J Thorac Cardiovasc Surg. 2003 Nov;126(5):1385-96. doi: 10.1016/s0022-5223(03)00711-6.


Objectives: Our goal was to determine which of the two major methods of vital organ support used in infant cardiac surgery, total circulatory arrest and low-flow cardiopulmonary bypass, results in better neurodevelopmental outcomes at school age.

Methods: In a single-center trial, infants with dextrotransposition of the great arteries underwent the arterial switch operation after random assignment to either total circulatory arrest or low-flow cardiopulmonary bypass. Developmental, neurologic, and speech outcomes were assessed at 8 years of age in 155 of 160 eligible children (97%).

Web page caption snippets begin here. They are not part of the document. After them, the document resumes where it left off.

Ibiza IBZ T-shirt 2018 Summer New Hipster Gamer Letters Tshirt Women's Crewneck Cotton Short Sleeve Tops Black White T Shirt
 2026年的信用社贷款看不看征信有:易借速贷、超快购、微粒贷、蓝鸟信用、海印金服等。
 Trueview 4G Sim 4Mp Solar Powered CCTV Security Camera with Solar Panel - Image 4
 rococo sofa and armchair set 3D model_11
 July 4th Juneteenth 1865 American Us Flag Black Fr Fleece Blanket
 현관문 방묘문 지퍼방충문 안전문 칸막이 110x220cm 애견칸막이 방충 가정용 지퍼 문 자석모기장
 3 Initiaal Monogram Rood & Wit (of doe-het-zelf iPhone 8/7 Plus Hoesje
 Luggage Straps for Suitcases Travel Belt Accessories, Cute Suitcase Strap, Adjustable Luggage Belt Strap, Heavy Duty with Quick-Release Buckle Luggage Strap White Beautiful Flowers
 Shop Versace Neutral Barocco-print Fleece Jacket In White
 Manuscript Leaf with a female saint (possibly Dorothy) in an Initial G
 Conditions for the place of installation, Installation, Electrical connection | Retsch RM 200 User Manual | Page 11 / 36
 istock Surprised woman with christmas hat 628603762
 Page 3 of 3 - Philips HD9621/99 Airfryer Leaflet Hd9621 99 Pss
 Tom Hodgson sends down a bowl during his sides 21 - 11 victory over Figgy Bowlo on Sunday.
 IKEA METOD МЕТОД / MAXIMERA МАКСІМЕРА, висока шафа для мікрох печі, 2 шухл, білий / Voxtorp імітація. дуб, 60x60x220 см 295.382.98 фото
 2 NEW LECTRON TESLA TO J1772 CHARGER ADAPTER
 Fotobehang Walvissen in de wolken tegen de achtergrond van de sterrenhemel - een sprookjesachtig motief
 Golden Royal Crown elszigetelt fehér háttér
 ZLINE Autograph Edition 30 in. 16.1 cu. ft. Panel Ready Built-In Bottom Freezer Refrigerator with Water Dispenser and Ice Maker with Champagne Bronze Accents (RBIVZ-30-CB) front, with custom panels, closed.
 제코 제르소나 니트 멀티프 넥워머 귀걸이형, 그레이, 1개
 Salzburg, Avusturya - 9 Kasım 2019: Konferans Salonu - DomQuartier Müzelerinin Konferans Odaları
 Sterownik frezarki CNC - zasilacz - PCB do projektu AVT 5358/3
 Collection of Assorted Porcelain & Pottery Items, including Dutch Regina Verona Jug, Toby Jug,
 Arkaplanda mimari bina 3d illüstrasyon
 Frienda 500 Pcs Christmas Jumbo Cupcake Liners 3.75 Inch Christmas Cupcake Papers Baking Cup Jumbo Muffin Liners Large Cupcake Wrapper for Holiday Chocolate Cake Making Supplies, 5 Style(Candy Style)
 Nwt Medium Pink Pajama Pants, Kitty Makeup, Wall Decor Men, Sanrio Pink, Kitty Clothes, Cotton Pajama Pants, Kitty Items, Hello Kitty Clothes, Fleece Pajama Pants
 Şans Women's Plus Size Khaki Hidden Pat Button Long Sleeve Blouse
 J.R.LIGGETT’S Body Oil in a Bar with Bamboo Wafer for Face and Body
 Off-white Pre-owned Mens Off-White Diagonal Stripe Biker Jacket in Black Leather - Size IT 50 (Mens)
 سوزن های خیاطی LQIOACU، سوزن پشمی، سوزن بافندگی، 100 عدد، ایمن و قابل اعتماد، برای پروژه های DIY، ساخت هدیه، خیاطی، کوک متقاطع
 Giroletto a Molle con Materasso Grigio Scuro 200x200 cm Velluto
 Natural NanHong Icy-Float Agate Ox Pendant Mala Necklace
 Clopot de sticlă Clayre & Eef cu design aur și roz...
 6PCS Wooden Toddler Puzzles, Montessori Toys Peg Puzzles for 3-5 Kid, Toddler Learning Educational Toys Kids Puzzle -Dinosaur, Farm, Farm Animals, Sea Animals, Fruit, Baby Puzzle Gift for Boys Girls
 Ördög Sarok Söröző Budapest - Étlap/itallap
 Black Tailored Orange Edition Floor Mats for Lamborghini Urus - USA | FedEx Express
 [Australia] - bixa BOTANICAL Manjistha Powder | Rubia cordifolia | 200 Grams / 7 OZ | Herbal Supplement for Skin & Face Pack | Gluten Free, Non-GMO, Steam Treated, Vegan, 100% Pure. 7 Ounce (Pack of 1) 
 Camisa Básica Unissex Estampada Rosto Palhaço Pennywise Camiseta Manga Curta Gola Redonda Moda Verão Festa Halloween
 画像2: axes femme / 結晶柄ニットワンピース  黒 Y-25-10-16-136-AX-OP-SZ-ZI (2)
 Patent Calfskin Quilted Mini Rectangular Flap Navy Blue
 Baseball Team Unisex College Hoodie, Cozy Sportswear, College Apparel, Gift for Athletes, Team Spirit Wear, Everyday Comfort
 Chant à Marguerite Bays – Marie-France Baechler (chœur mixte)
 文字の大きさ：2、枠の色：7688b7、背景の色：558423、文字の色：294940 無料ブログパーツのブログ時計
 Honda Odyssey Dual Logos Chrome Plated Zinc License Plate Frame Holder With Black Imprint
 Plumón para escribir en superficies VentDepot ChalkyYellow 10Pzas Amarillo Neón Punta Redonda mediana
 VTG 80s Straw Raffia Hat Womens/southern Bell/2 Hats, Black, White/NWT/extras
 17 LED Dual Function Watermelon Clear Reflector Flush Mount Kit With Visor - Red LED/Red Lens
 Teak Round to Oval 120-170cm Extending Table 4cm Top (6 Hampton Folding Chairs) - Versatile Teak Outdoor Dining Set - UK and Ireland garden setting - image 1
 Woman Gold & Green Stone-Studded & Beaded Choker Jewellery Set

Results: Treatment groups did not differ in terms of most outcomes, including neurologic status, Full-Scale or Performance IQ score, academic achievement, memory, problem solving, and visual-motor integration. Children assigned to total circulatory arrest performed worse on tests of motor function including manual dexterity with the nondominant hand (P =.003), apraxia of speech (P =.01), visual-motor tracking (P =.01), and phonologic awareness (P =.003). Assignment to low-flow cardiopulmonary bypass was associated with a more impulsive response style on a continuous performance test of vigilance (P <.01) and worse behavior as rated by teachers (P =.05). Although mean scores on most outcomes were within normal limits, neurodevelopmental status in the cohort as a whole was below expectation in many respects, including academic achievement, fine motor function, visual-spatial skills, working memory, hypothesis generating and testing, sustained attention, and higher-order language skills.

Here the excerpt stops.